I have been struggling greatly in recent weeks. It would be easy to point to situational causes, but I know from experience that it is not those causes that create such darkness. This kind of darkness does not respond to my strong faith. It does not respond to a beautiful day. It does not respond to forced smiles. It does not evaporate by serving others. It overcomes and it envelops the soul. It is loathe to reveal even a pinpoint of light. Rather, the beautiful day hurts and challenges. The forced smile feels dishonest. Serving others only magnifies the plight of others less fortunate and a helplessness to be able to help in any lasting way. Only faith has any hope of breaking through, so I keep the faith, faithfully.
Reading this, I suppose some of you might worry about me. Please do not. As my Mother says, “Thank God for the gift of tears.” I have a wonderful doctor who keeps an eye on me, and just as I know that the situational causes are not the reason for this, I also know it will pass. I am too creative and smart to let the depression endanger me, but I do wish it would go away and never, ever return. I have also learned that this is an unrealistic expectation. I can only treat it, bear it, and wait it out. I also know from past experience that at some point I will find myself back on a mountaintop, the light shining on me so brightly I need sunglasses and a hat and a sun umbrella. I will have no idea how I even got there, but I will look back at times like these and say, once again, “I’m never going back there again. Not even close.” Until the next time, of course, when it arrives without much warning.

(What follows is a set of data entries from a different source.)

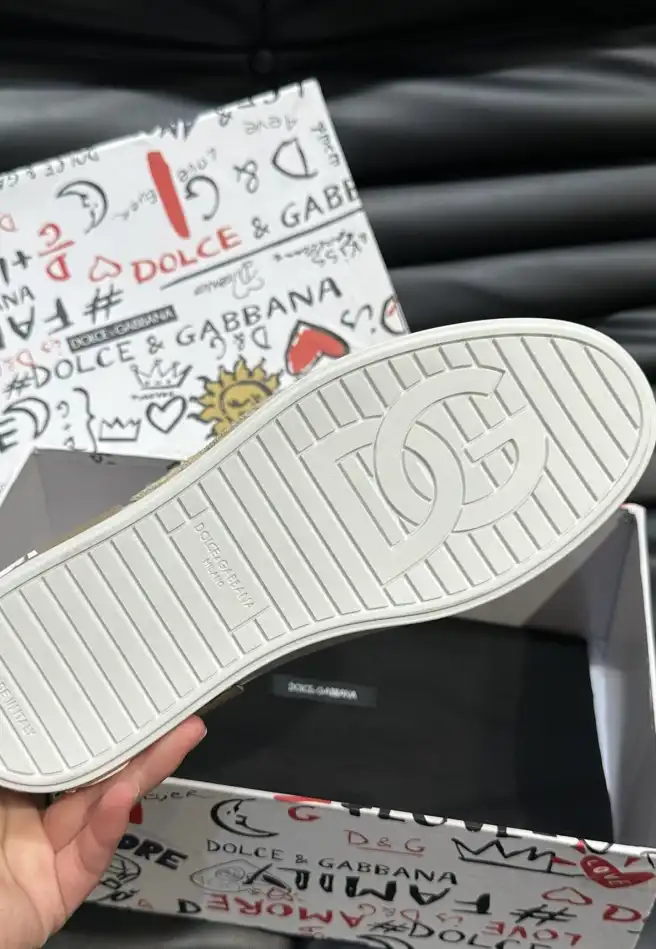 hype Dolce & Gabbana Sneakers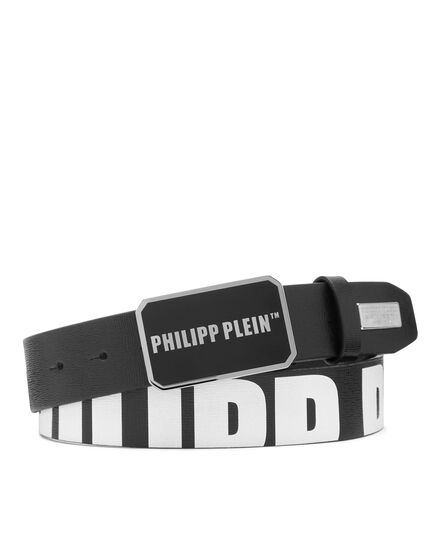 Leather Belt Philipp Plein TM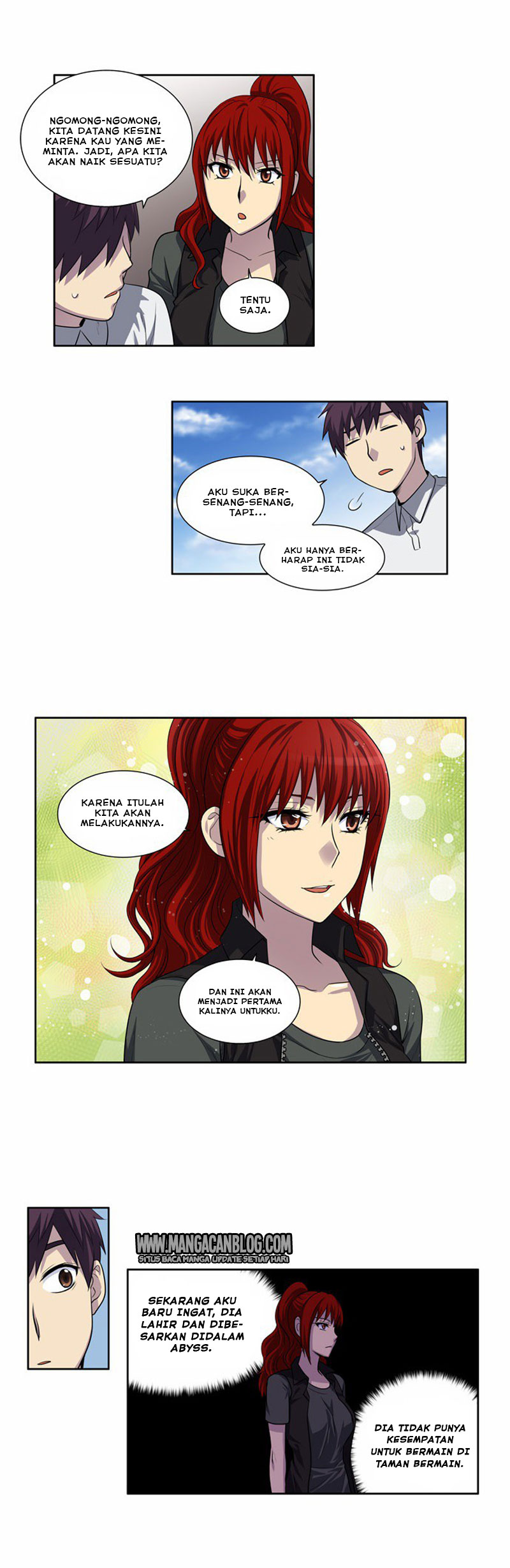the-gamer - Chapter: 129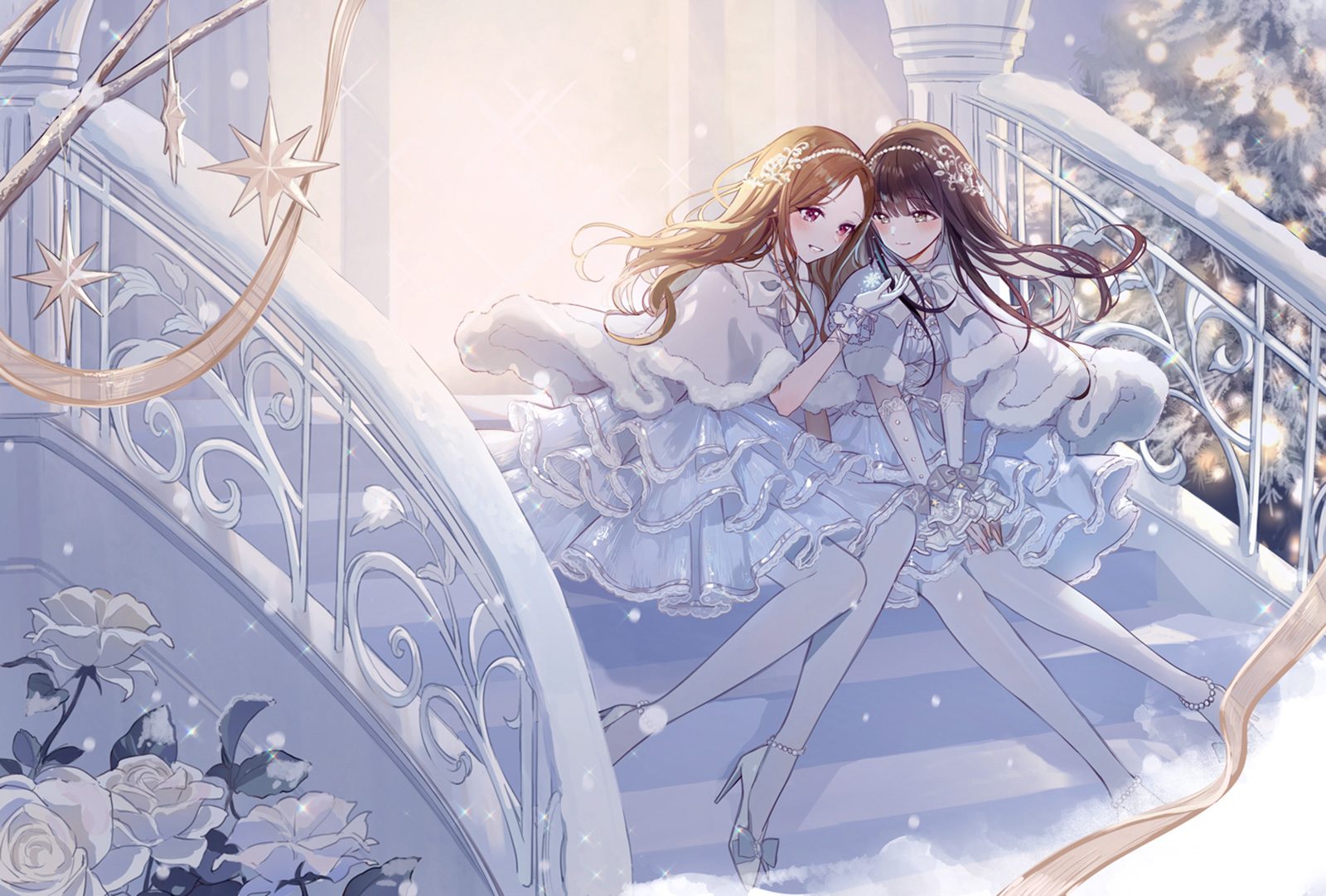 ClariS、ミニアルバム『WINTER TRACKS ―冬のうた―』リリース！　全力で駆け抜けた2022年をクララとカレンが振り返る。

Tonight I was blessed with a little bit of light by spending time with my dear friend Terri. We have a dream: we would like to sell our textile art – including but not limited to quilted wall art and table coverings. We spent a couple of hours designing some Halloween placemats and Christmas placemats to donate to the parish silent auction at the carnival. We played with fabric and designs. For a few hours my heart was light. One step up the mountain. Only one more step – at a time – to go, before I rise above the clouds into the sun again.